Elections have consequences – The Sopris Sun

Editor’s note: Every summer, Ken Pletcher wrote a letter to readers of the Michigan Sopris Sun. Here is letter number four.

Hello again from the southeast shore of beautiful Lake Michigan, part of a region sometimes referred to as America’s Third Coast. I had planned to write in this fourth letter about our immediate neighbors behind our cottage, the Prairie Club, and its legacy of conservation and land stewardship, like so many organizations in the Roaring Fork Valley.

But that will have to wait until another time. With the election looming, Michigan will be one of several states that will be crucial in deciding who our next president will be. That seemed like a more pressing issue.

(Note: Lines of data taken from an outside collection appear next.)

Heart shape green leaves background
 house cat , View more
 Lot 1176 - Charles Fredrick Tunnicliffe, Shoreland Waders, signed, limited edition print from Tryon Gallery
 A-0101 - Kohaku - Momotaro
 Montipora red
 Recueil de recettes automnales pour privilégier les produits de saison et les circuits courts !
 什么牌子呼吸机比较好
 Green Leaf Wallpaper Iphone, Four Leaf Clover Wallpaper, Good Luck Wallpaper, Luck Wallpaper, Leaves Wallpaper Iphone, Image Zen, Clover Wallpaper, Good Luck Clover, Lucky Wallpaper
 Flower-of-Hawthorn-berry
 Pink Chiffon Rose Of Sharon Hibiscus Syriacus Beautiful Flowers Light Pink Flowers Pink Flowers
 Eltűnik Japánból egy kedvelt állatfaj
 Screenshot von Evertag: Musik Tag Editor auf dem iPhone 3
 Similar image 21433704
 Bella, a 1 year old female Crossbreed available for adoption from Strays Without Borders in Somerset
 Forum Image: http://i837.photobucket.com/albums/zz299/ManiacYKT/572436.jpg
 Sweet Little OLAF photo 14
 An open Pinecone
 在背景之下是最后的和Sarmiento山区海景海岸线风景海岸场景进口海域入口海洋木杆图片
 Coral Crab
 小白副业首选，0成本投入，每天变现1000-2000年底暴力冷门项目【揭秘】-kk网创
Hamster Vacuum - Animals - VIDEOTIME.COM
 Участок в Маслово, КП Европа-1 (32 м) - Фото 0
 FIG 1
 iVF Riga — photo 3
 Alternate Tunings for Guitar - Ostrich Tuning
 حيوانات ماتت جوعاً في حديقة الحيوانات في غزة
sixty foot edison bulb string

I first voted in the 1972 presidential election and have done so in virtually every election campaign since then (federal, state, and local), including by mail when I was in school in Japan in 1976. I consider it my duty as a citizen to do so, even if I am sometimes not so enthusiastic about the candidates. Not voting means someone else will decide who will govern you. And that can have consequences.

Michigan—particularly heavily Democratic Detroit—learned this in 2016, when Donald Trump defeated Hillary Clinton by fewer than 12,000 votes (out of nearly 4.8 million cast). In Wayne County (which includes Detroit and its western suburbs), thousands of residents either did not vote at all, or when they did, they voted for a third-party candidate, or simply did not vote for any presidential candidate.

That this made a difference in the state’s voter turnout is evident in the 2020 results, when Joe Biden defeated Trump here by more than 150,000 votes, most of which came from significantly higher turnout in Wayne County. One Detroit resident said in an interview before the 2020 election that she had “learned her lesson” and was voting for Biden, a sentiment apparently shared by many fellow Detroiters.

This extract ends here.